[Work instruction]
Write out again the lines from the line with "Creative Women Walk: Washington" up to and including the line with "Conoce Castilla-La Mancha-La", exactly as they stand below, and skip any picture.

[Provided data]
******
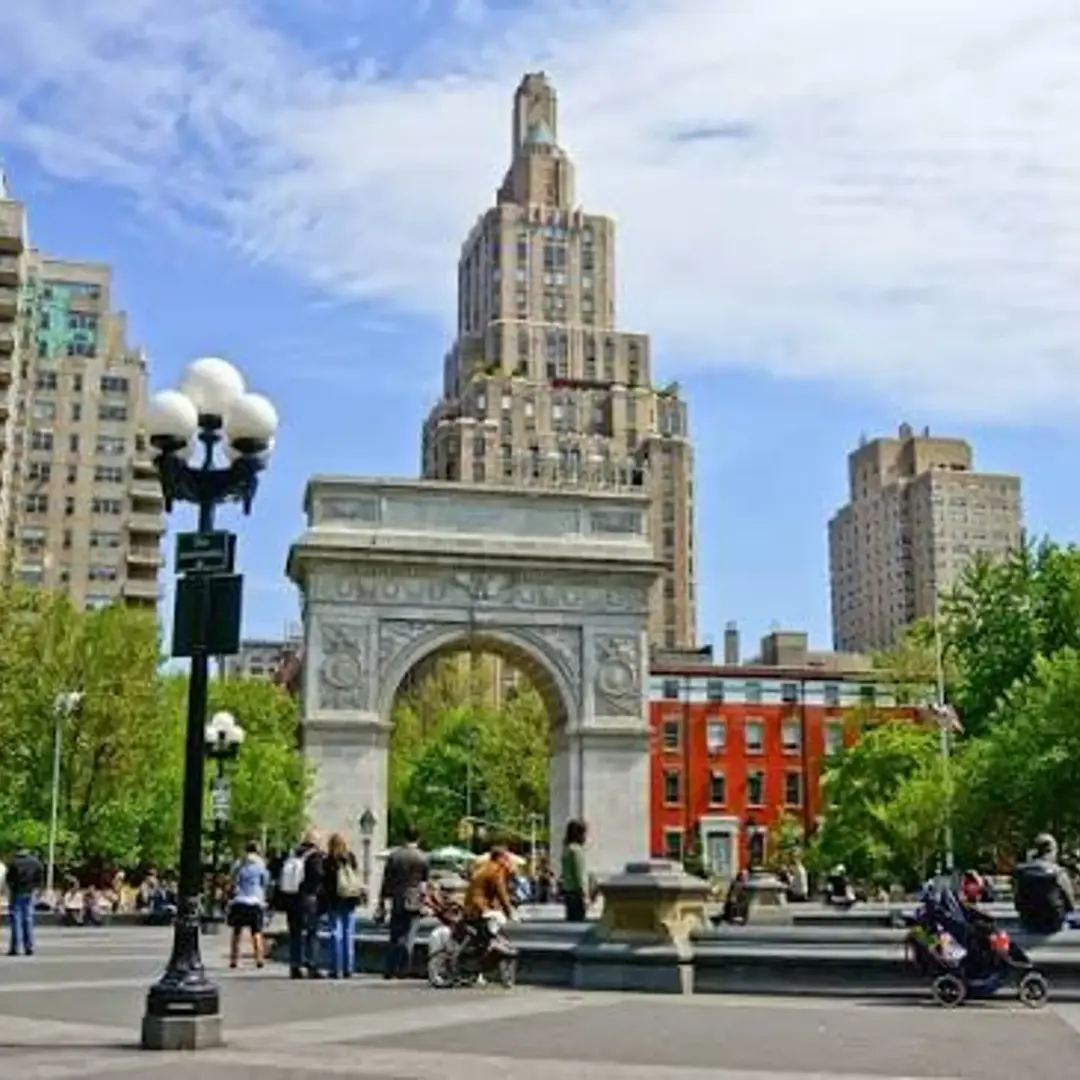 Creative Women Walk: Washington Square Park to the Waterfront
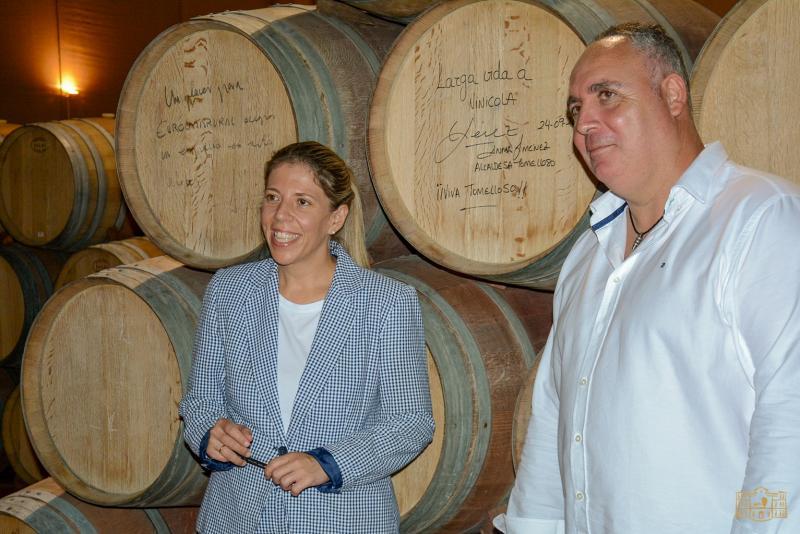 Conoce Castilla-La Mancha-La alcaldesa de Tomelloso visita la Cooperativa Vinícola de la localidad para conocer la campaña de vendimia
******
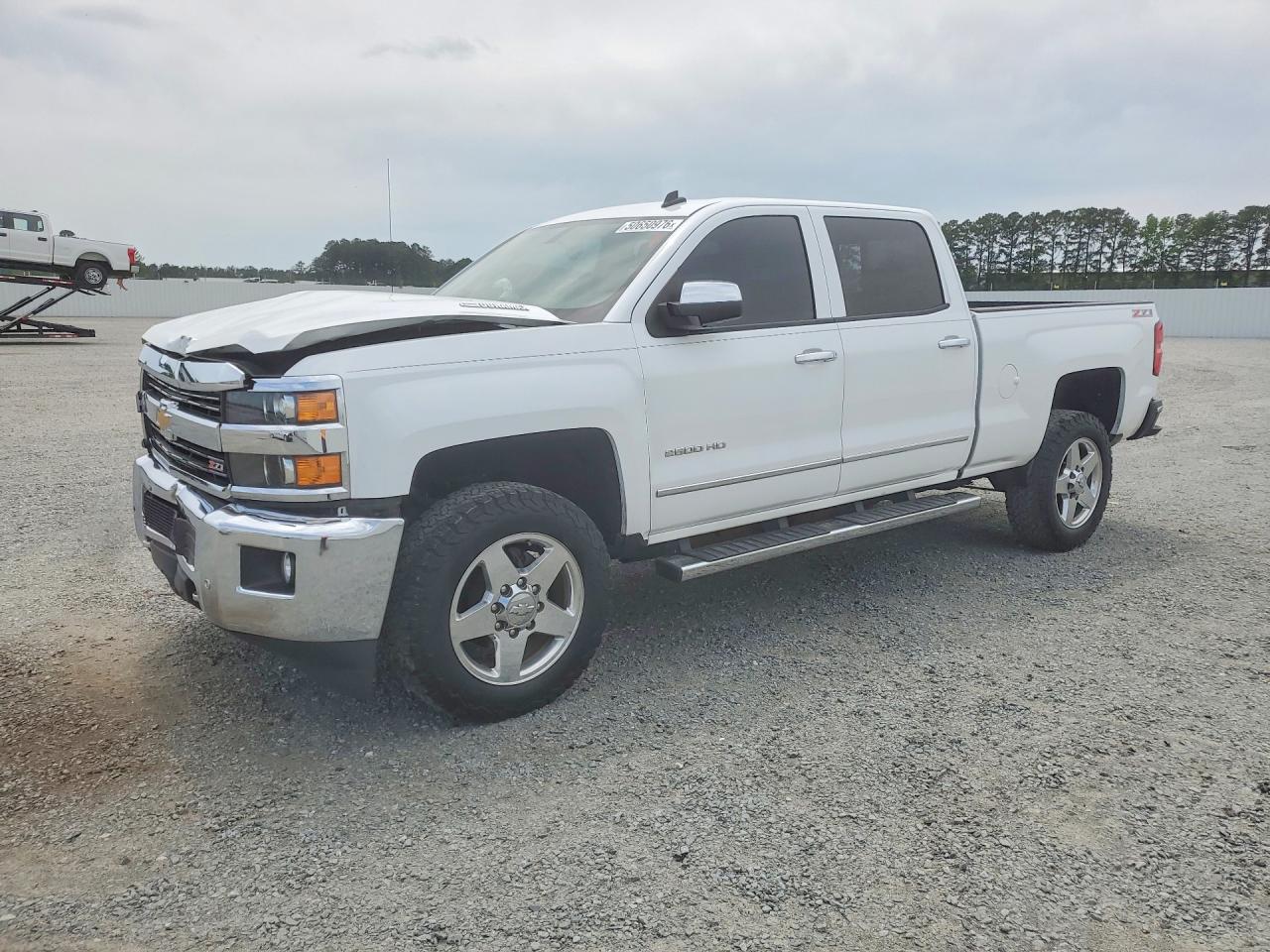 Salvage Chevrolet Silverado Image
******
[Answer to this task]
 Creative Women Walk: Washington Square Park to the Waterfront
 Conoce Castilla-La Mancha-La alcaldesa de Tomelloso visita la Cooperativa Vinícola de la localidad para conocer la campaña de vendimia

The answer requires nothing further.